#### Problem to work on
Set down, word for word, every line of the material below from the one containing "Beauty and the" through the one containing "Dark Pink Cotton Linen Printed Saree", but none of its pictures.

#### Supplied data
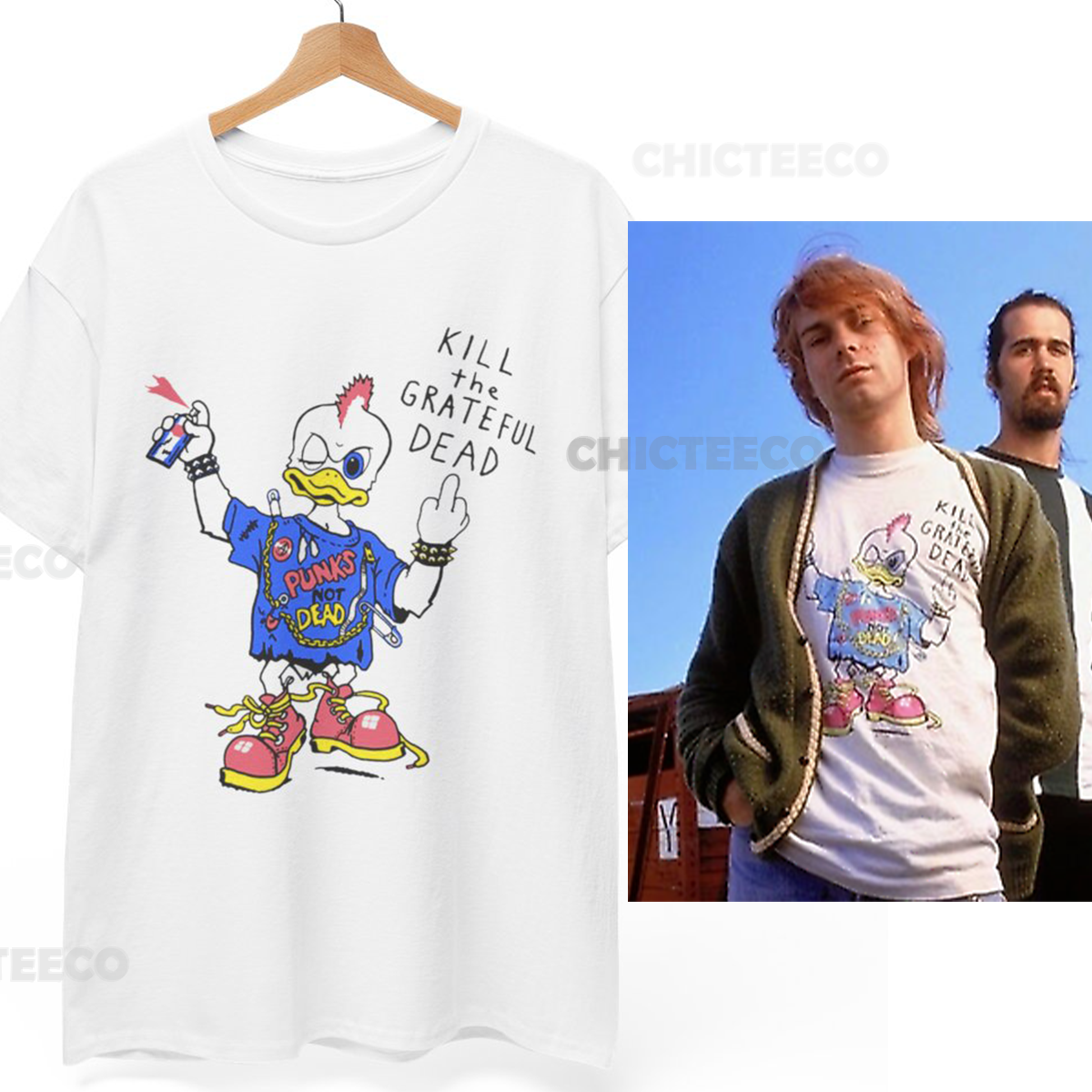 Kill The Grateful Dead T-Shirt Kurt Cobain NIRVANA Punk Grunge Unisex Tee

---

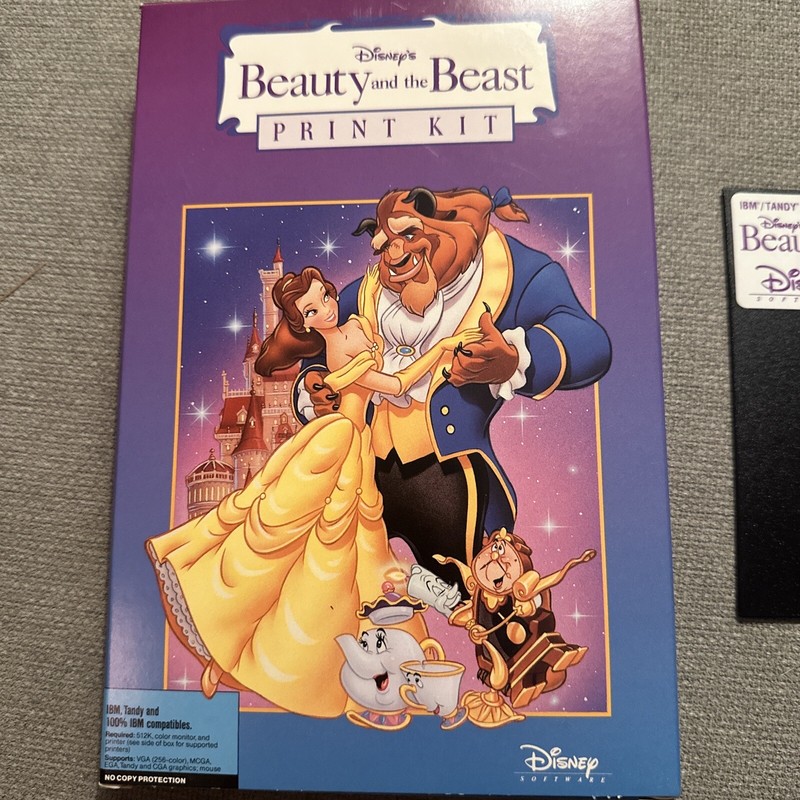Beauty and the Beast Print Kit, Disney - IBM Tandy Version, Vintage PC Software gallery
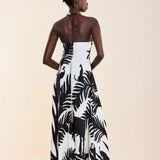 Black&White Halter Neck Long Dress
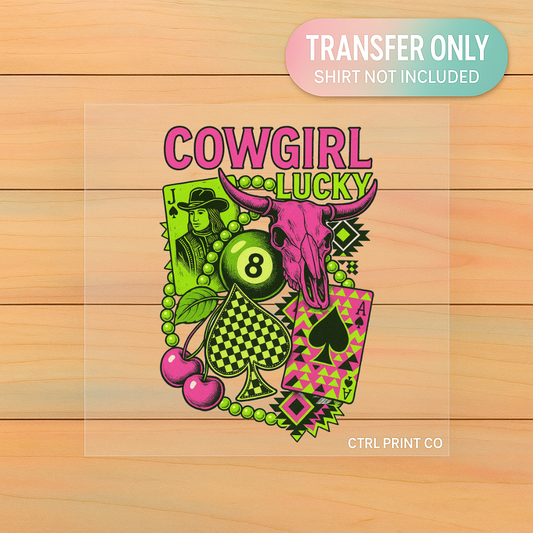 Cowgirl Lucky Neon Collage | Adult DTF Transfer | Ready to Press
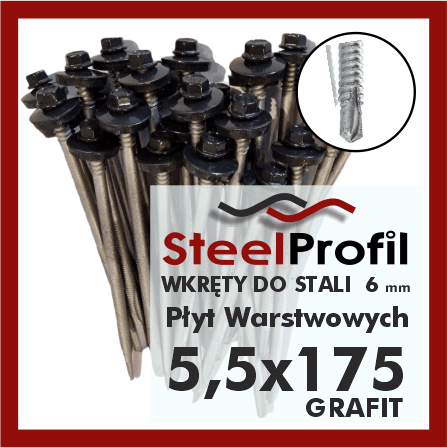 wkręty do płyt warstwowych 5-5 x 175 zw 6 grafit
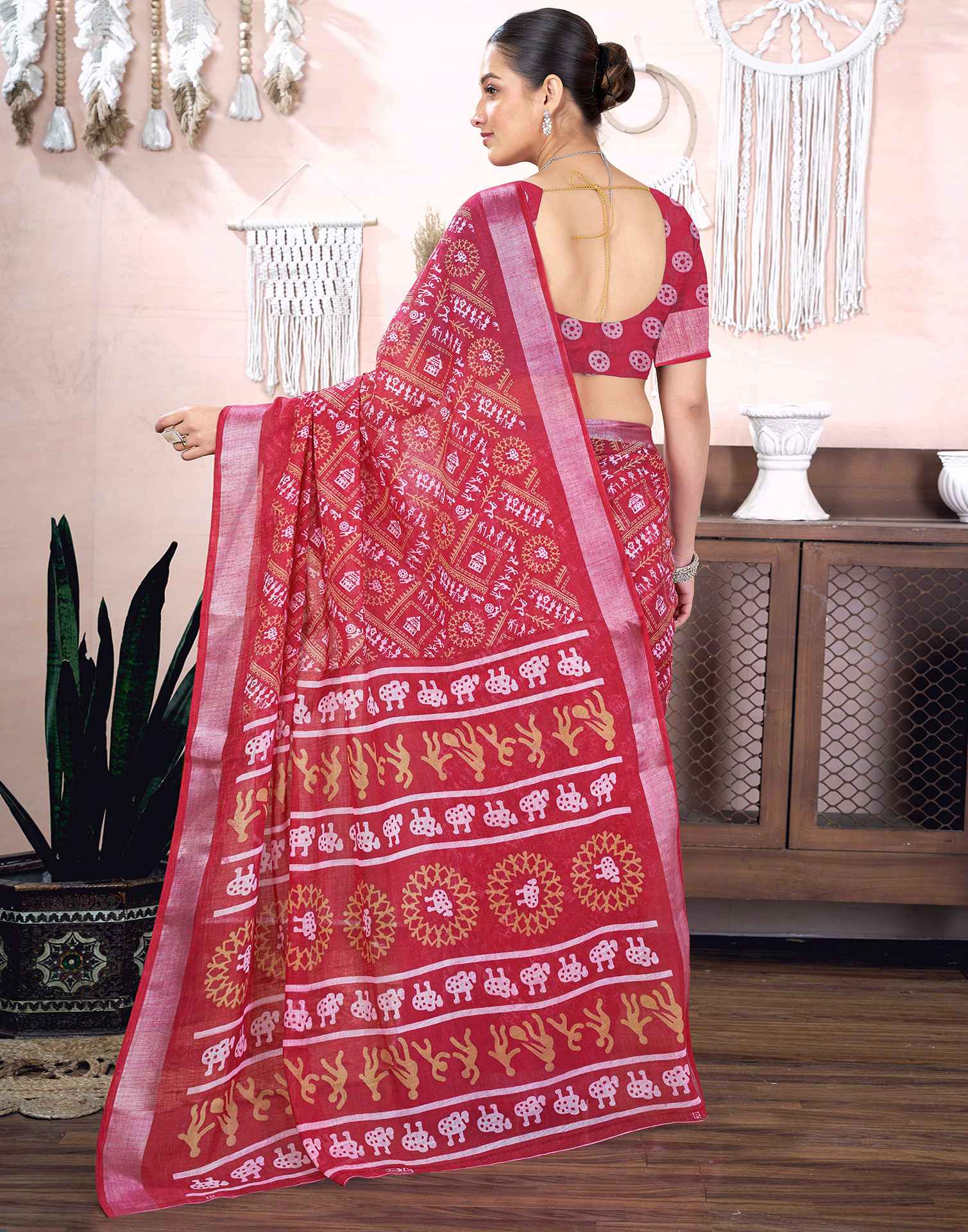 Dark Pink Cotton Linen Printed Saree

#### Solution
Beauty and the Beast Print Kit, Disney - IBM Tandy Version, Vintage PC Software gallery
 Black&White Halter Neck Long Dress
 Cowgirl Lucky Neon Collage | Adult DTF Transfer | Ready to Press
 wkręty do płyt warstwowych 5-5 x 175 zw 6 grafit
 Dark Pink Cotton Linen Printed Saree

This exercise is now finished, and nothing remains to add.